Reducing tonal sound from a cascade of flat plates by varying the thickness ratio of neighboring plates

To mitigate the tonal noise from air flow around a cascade of flat plates, such as the grills in front of automobile engines, the thickness ratio of neighboring plates was varied in numerical simulations. Direct aeroacoustic simulations were based on compressible Navier-Stokes equations. For the baseline case with all plates at the thickness ratio of 1.0, the tonal sound is radiated because of the acoustic resonance occurring between the plates. In a controlled flow with plates alternating between large and small thicknesses, the width of the wake behind each plate varies between the neighboring plates. This indicates that the flow around the cascade of flat plates becomes biased. Simulated sound-pressure spectra show that the intensity of tonal sound at the fundamental frequency is reduced by the large thickness ratio between neighboring plates. Also, a secondary intensity peak appears at a frequency higher than the fundamental frequency. This peak appears because vortex shedding occurs at this higher frequency in the wakes behind the thin plates, whereas it occurs at the fundamental frequency in the wakes behind the thick plates.
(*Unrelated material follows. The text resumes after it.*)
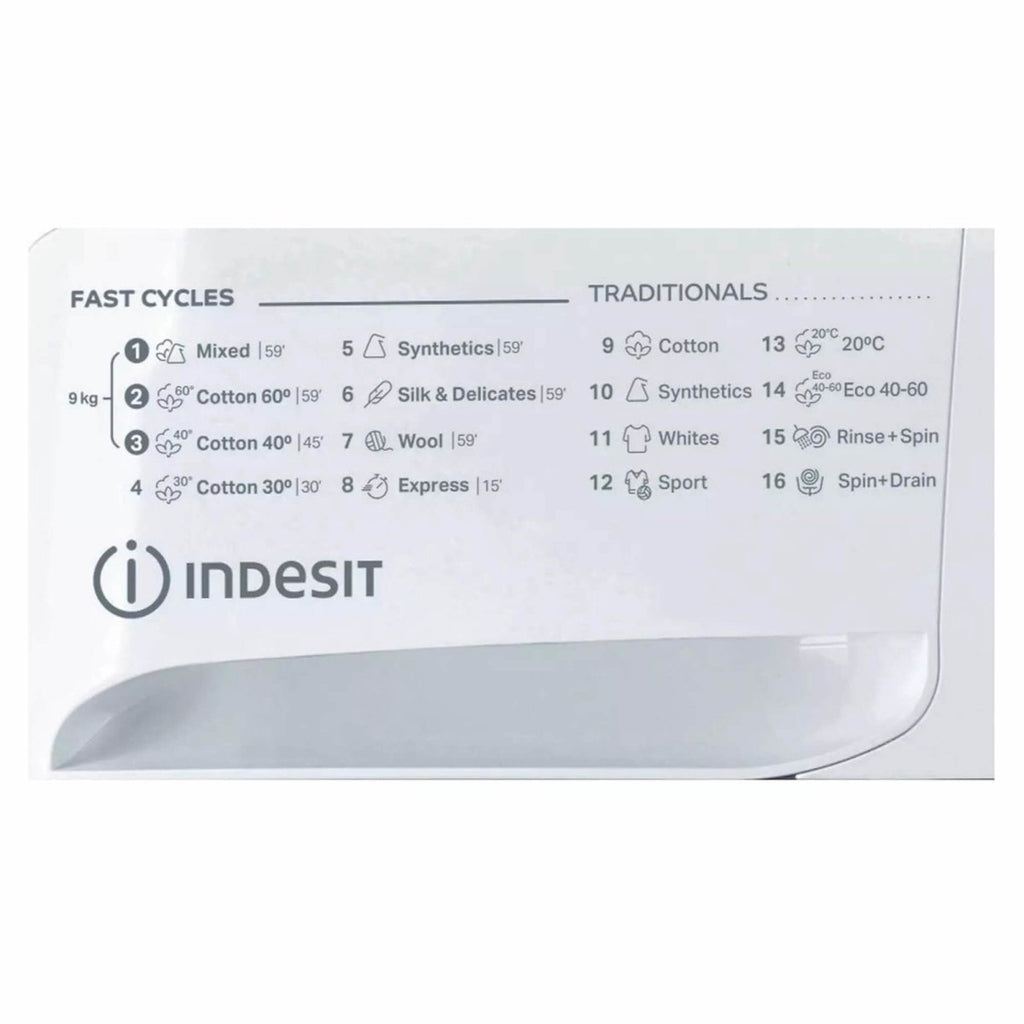 Indesit MTWC91284WUK 9kg 1200rpm Spin Freestanding Washing Machine White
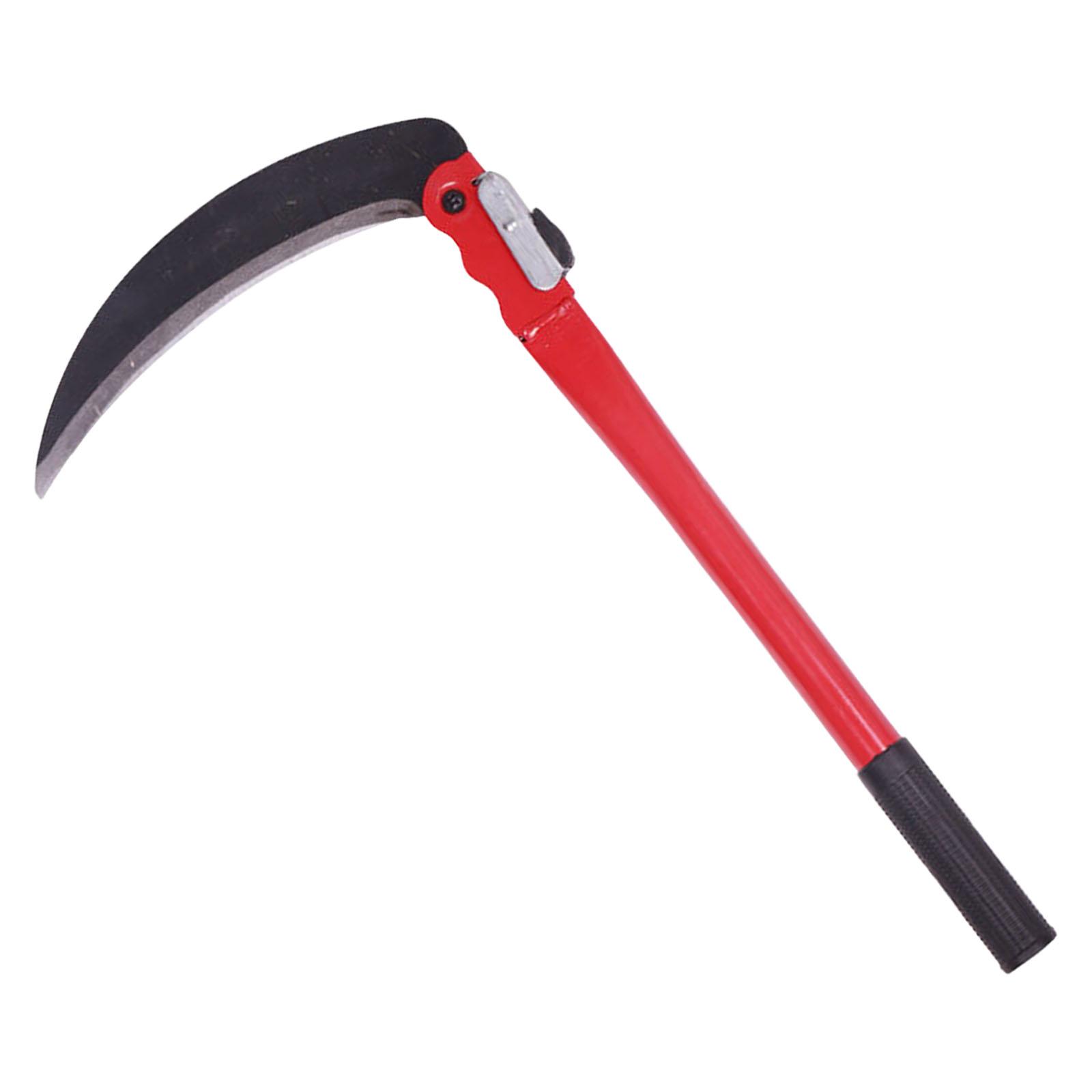 Magideal - Hoz De Deshierbe Plegable Con Mango Antideslizante Para Bushcraft Y Césped Al Aire Libre Mango Redondo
To elucidate the flow and sound related to the tonal sound at the fundamental frequency, the flow fields were phase-averaged with reference to the vortex shedding from the thick plates. With all plates of the same size, two-dimensional large-scale vortices are formed in the wakes of all the plates. Moreover, vortex shedding occurs in the anti-phase mode between the neighboring plates, which reinforces acoustic resonance. Meanwhile, for controlled flow with the plates of alternating thickness, the vortices lose their structure and spread into finer-scale vortices. The synchronization of vortex shedding between the neighboring plates is suppressed, which weakens the tonal sound from acoustic resonance.